EMU inflation (month-to-month annualized) advanced at a 7.5% annual rate in August, up from a 5.7% pace in July. The year-on-year pace is at 4.2%. Countries showing the year-on-year pace of inflation faster than the overall EMU pace monthly are France, Germany, Italy, Portugal, and Ireland.
Inflation HAS broadly decelerated Inflation broadly decelerates over 12 months compared to its pace of 12-months ago. Every country in the table shows deceleration on this basis. The deceleration of inflation on this basis is -5.7 percentage points for the EMU overall; the median deceleration across members in the table is -6.1 percentage points. The greatest deceleration on this timeline is the -16.5 percentage-point drop off in the Netherlands, followed by a -11.1 percentage-point drop in Belgium, and a -10.5 percentage-point drop in Greece.
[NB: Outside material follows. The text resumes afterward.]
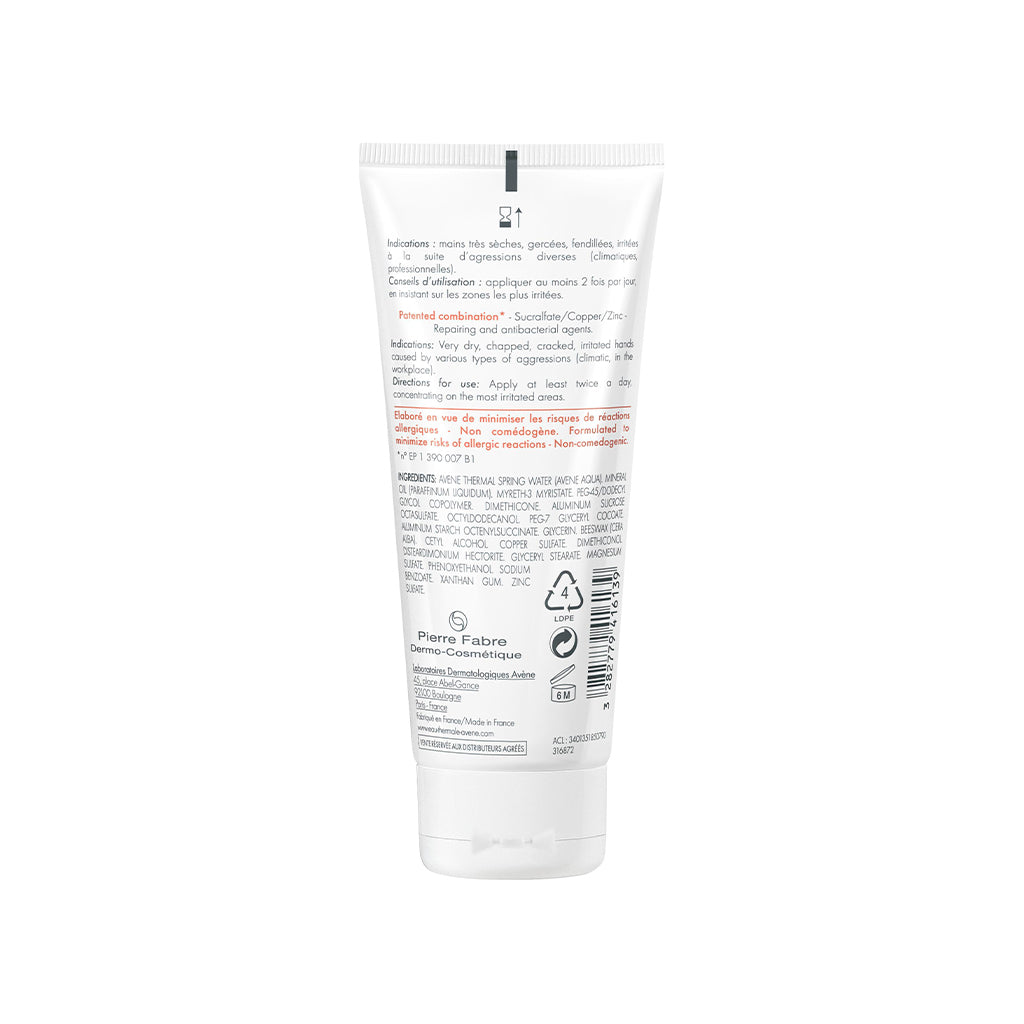 Avène Cicalfate Creme de Mãos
Compared to a year ago, the drop of in inflation is terrifically large. But that now seems to be a trend of the past that is withering.
The road ahead has more twists and turns Economists warn that the hard part of inflation reduction lies ahead. When oil prices fall, they can unwind inflation substantially, broadly, and quickly. But once inflation has been high for a while, other prices begin to trend with it and the higher inflation rate becomes entrenched. A dropping inflation rate is good news; however, at some point, the pace of inflation needs to be the focus rather than just the change in the pace. The focus on other prices that become sticky if inflation lingers too high for too long, is usually a spotlight on wages, since labor seeks to get back the compensation it loses when inflation rises. So, wage gains rise at a faster pace and then policy is pushing to reduce both wage and price inflation.
Inflation progress is slowing…down…does anyone care? Over six months, prices decelerate in the EMU by -0.9% at an annual rate compared to their 12-month pace. But deceleration only occurs for five of the twelve economies in the table (the EMU pace represents all EMU countries and is formed using weights reflecting the size of member economies). The median deceleration for 6-months compared to 12-months for reporting members in the table is not for a deceleration at all but for an acceleration of 2.7 percentage points.
Over 3 months, EMU inflation rises to 5.2% annualized from 3.3% over six months, an acceleration of 1.9 percentage points. Among table members, there is, nonetheless, an average deceleration of 0.3 percentage points (annualized). That would become 1.2 percentage points if the pace held for one year. Over 3 months, six of twelve members show deceleration.